It was very quiet on Ben Nevis today. I was out with Arran, who had yet to experience winter climbing on ‘the Ben’, so today we rectified that by climbing the brilliant Castle Ridge. The track up to the top car park had turned to slush, so even with winter tyres, we couldn’t quite make it to the top car park, and with tonight’s freezing levels dropping, it will be fun and games on the track tomorrow.

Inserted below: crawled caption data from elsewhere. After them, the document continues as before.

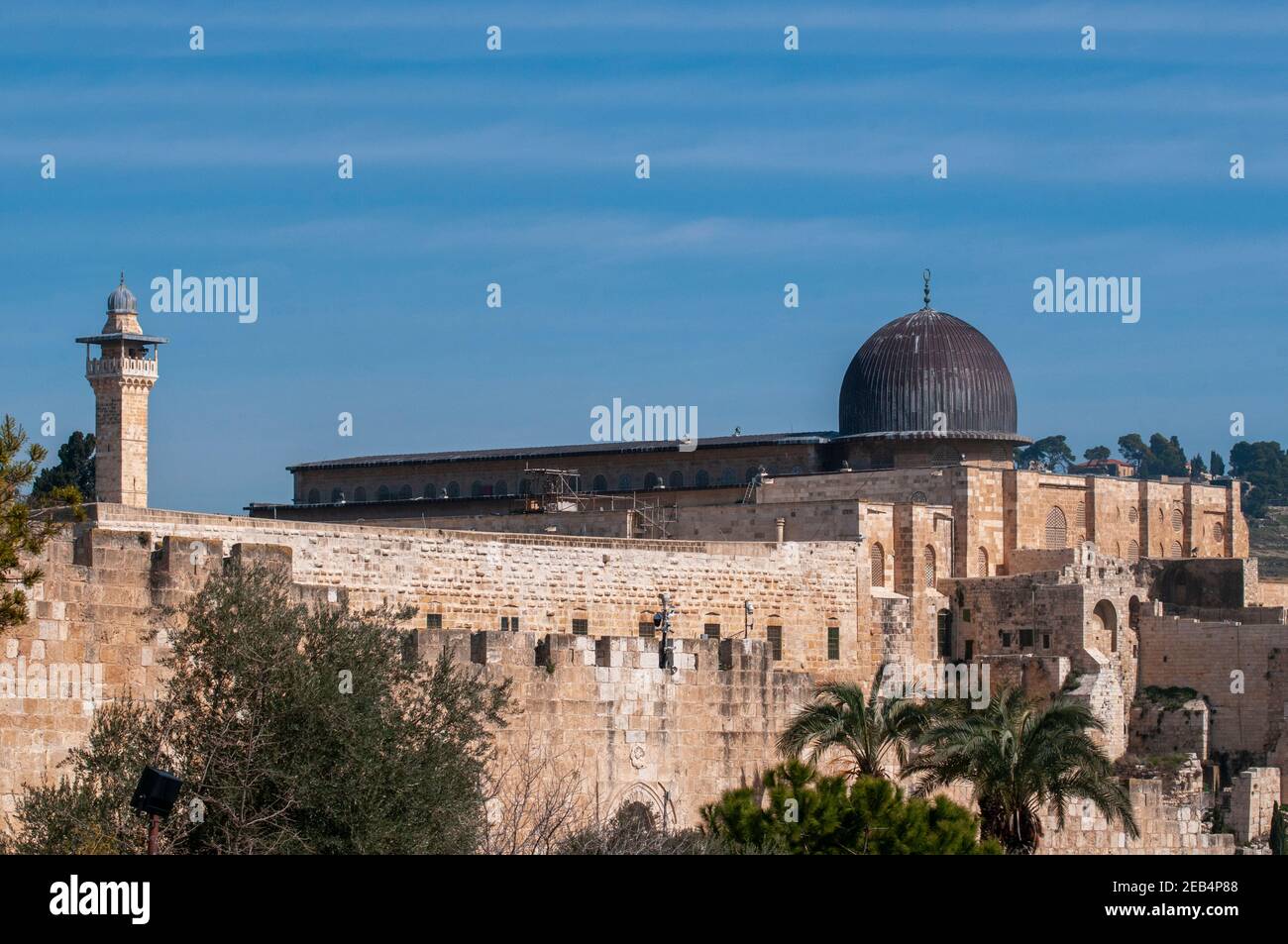 Israele, Gerusalemme, Città Vecchia, Moschea di al Aqsa sul Monte del Tempio conosciuto come il composto di al Aqsa o Haram esh-Sharif Foto Stock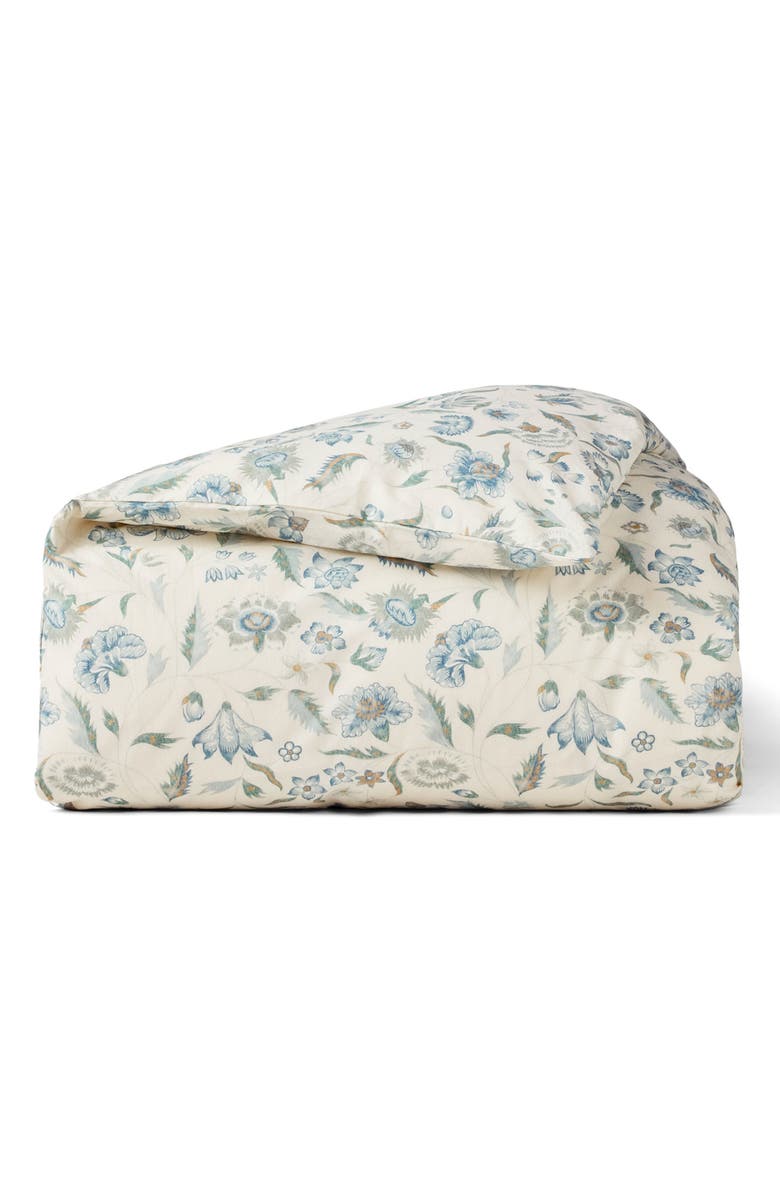 Coyuchi Viola Print Organic Cotton Duvet Cover, Main, color, Undyed/ Cerulean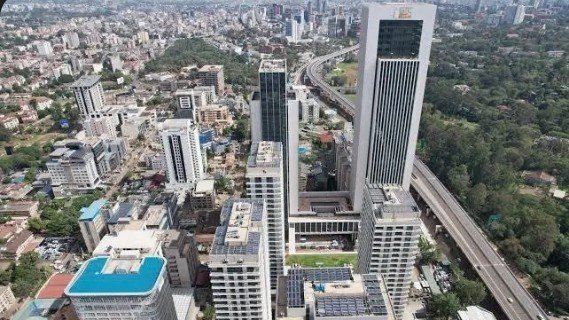 Modern high-rise tower in Nairobi city, showcasing contemporary architecture and urban development.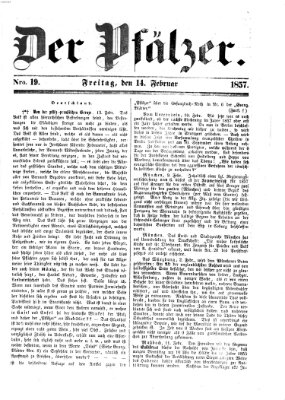 Pfälzer Samstag 14. Februar 1857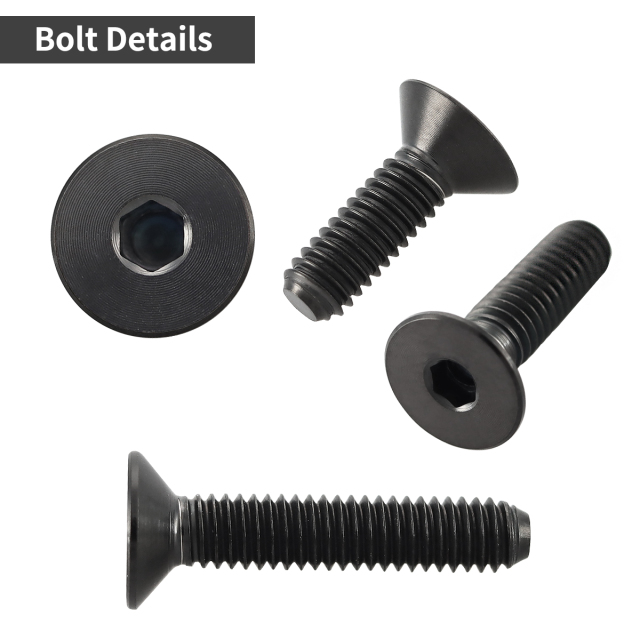 チタンボルト 皿ボルト 六角穴付き M4×12mm～20mm ブラック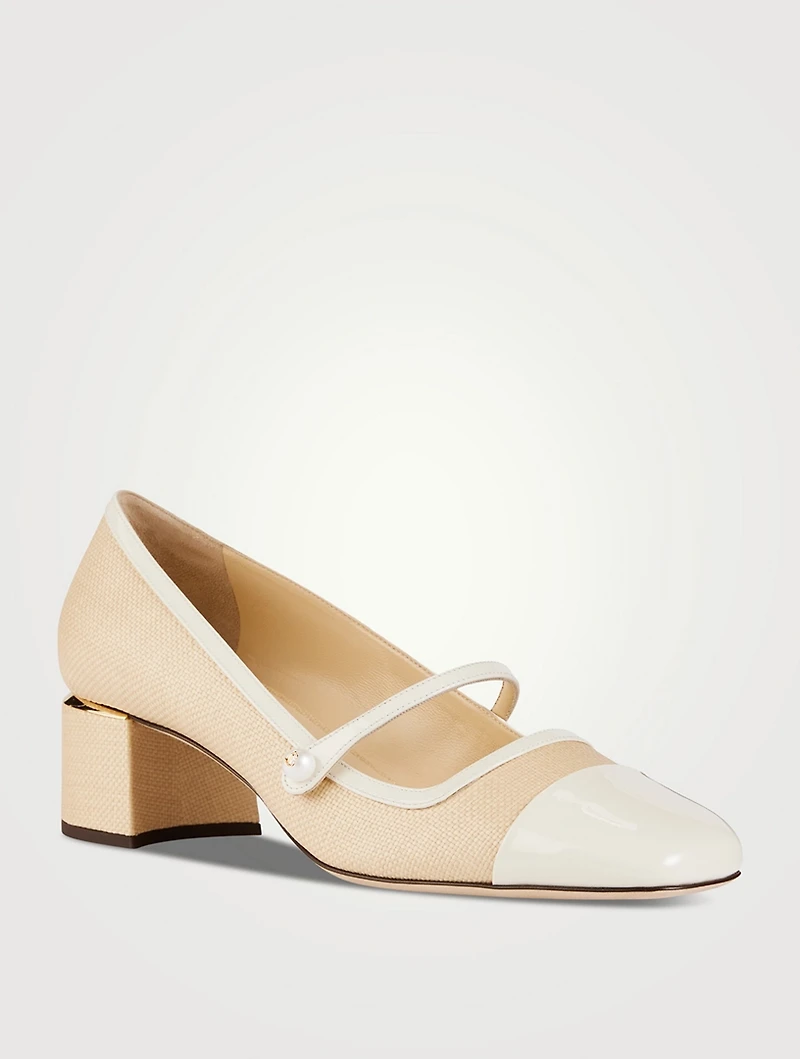Elisa Raffia Mary Jane Pumps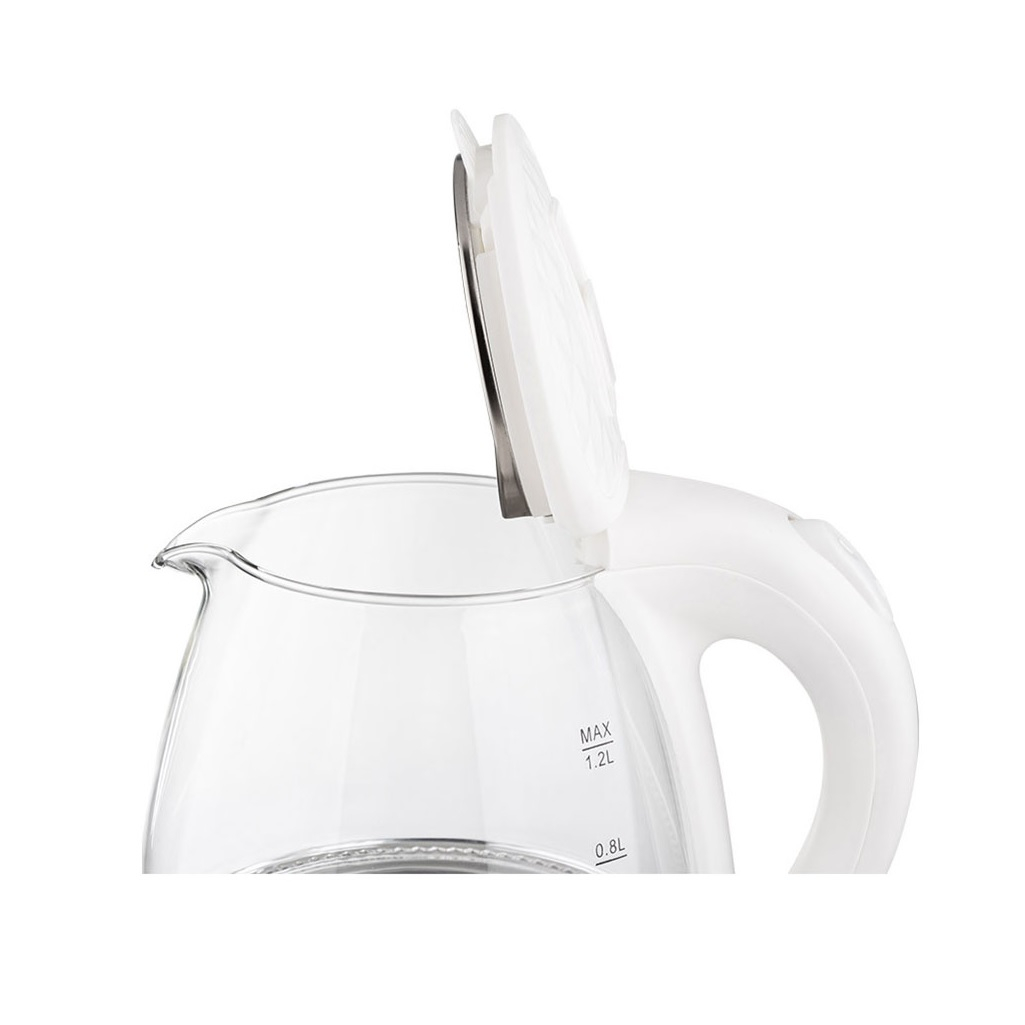 Чайник электрический Homestar HS-1053, 1.2 л, 1.5 кВт, прозрачный, белый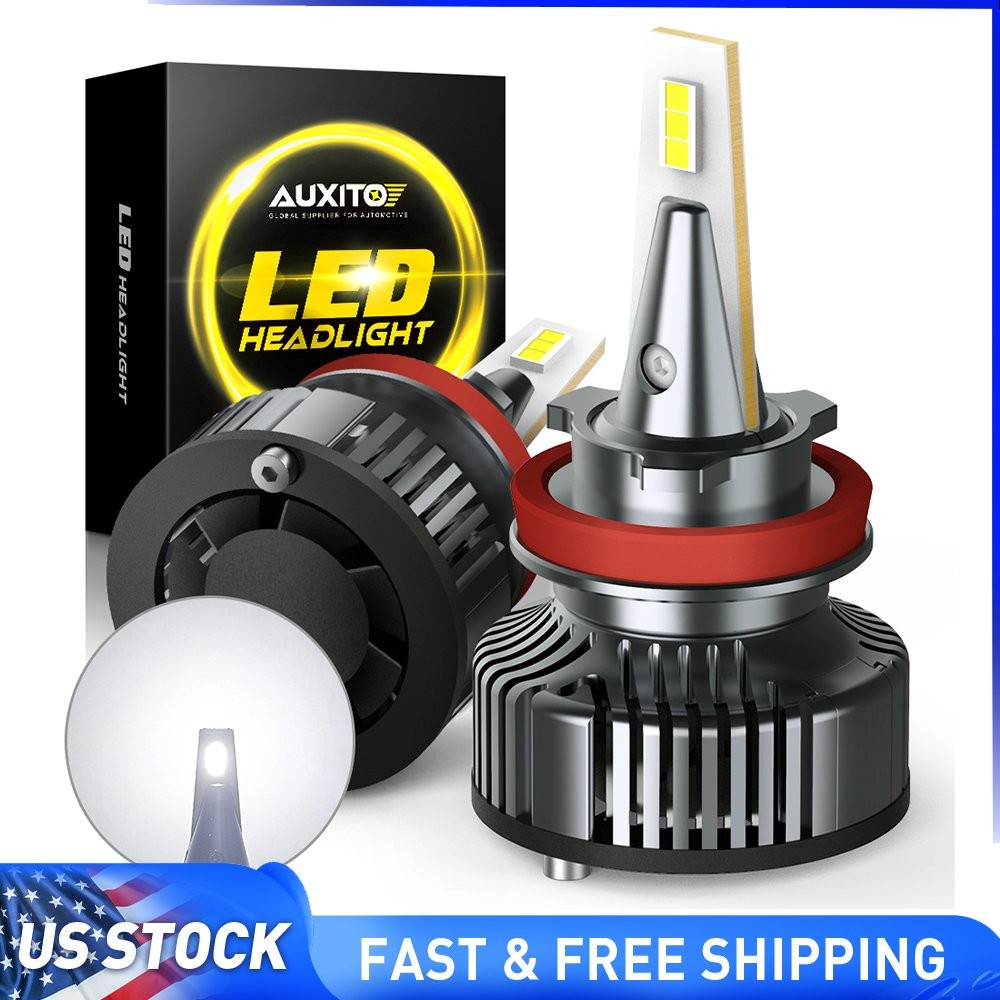 CANBUS H8 LED Headlight Super Bright Bulbs Kit White 6000LM High/Low Beam 6500K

Anyway, back to the interesting stuff. So as to minimise the risk of being caught by anything sliding out of either of the Castle Gullies, we made our way across from the foot of Carn Dearg Buttress, which also enabled Arran to catch a glimpse of some of the other cliffs on the north face. The deep snow on the route was starting to soften lower down, in many instances making progress a bit easier, with the wetter snow giving a bit more resistance when stepped on. A good freeze should really help, which should happen overnight.
Arran did well, and cruised his way up, whilst we looked at keeping thing slick but safe enough. The crux high up, which is quite out of character to the rest of the route, and in a sensational position, gave Arran a good challenge, which he coped well with. So, that was Arran’s first foray on one of the finest winter climbing venues in the UK.
Going back to Saturday, it turns out that the brave and clearly hardy team did climb Point 5 Gully, and reported that whilst the ice wasn’t fat, it was in reasonable condition. Sometimes, you just have to stick your nose in it.
In other news… This link is well worth a read, the general gist being that high pressure should dominate over the next 2-4 weeks, which could well give us clear and cold nights, which would be nice.